The U.S. manufacturing sector shrank for the second consecutive month in September, a clear sign that sluggish global growth and trade tensions are weighing on the U.S. economy and challenging President Donald Trump’s attempt to bolster U.S. manufacturing.
The Institute for Supply Management said on Tuesday that its manufacturing index, one of the most closely watched gauges of factory activity, fell to 47.8 in September from 49.1 in August. Readings below 50 indicate activity is contracting across the manufacturing sector, while those above 50 signal expansion.
Economists had expected the index to rise to the break-even level of 50, which would have indicated that growth had stalled. Instead, the index fell further into contraction territory.

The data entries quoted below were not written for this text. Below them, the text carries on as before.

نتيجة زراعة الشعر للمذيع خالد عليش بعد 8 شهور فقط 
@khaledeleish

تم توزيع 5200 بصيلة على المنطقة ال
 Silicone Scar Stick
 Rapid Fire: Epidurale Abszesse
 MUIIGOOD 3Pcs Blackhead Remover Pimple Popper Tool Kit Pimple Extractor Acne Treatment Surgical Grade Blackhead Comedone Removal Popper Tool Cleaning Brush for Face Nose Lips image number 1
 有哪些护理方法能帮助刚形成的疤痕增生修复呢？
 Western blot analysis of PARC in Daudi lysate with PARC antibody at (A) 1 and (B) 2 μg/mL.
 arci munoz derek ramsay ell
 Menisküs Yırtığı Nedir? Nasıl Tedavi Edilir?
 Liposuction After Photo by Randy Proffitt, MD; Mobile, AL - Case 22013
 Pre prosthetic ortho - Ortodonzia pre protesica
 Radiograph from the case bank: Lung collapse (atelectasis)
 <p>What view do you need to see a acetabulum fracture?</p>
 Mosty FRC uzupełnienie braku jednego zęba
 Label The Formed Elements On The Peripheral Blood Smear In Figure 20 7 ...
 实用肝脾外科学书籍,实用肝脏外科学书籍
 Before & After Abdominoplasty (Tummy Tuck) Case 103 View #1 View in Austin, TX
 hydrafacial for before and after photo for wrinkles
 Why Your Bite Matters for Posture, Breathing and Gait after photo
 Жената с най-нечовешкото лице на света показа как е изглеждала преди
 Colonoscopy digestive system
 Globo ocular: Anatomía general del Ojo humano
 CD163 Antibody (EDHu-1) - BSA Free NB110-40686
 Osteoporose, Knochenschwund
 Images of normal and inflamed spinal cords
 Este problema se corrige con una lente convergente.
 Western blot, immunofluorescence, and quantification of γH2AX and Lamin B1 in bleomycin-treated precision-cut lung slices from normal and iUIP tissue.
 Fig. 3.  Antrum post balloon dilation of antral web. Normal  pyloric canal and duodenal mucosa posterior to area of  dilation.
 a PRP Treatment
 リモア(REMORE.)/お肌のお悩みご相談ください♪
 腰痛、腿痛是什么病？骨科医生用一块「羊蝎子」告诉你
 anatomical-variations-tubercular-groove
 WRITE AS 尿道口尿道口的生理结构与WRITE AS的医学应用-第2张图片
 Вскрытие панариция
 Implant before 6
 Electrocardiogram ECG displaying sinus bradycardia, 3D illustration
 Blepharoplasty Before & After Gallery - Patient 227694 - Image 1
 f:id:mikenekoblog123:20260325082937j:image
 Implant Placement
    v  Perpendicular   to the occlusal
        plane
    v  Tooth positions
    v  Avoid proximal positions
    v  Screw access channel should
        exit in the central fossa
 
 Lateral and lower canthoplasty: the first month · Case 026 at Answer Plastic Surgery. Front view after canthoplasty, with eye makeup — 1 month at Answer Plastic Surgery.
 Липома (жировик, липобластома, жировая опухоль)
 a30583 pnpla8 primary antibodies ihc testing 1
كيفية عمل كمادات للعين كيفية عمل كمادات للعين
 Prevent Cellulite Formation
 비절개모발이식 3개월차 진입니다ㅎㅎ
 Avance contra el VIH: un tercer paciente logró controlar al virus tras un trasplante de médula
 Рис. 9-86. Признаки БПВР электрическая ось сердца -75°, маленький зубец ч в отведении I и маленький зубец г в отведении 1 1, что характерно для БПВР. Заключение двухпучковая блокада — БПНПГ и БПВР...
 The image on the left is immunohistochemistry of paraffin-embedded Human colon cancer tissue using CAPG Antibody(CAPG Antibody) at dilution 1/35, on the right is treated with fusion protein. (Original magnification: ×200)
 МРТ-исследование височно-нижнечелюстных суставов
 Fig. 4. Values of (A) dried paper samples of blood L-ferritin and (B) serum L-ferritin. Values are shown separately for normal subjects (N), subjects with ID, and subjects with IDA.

“Global trade remains the most significant issue, as demonstrated by the contraction in new export orders that began in July 2019. Overall, sentiment this month remains cautious regarding near-term growth,” Tim Fiore, Chair of the Institute for Supply Management Manufacturing Business Survey Committee, said in a statement.
Export orders fell into severe contraction in September, pulling down the overall index. The export order portion of the index hit 41.0, the third straight month of contraction.
Total orders were slightly better than in August but still in contraction. Production suffered its second consecutive month of contraction. The employment gauge also suffered a second month of contraction.
The overall index reading was the lowest since 2009. While production and employment in manufacturing remain well above the levels seen before the election of Donald Trump, who made the revival of U.S. manufacturing a key plank of his 2016 platform, the recent slowdown and contraction in manufacturing could provide fodder for his 2020 Democratic rivals.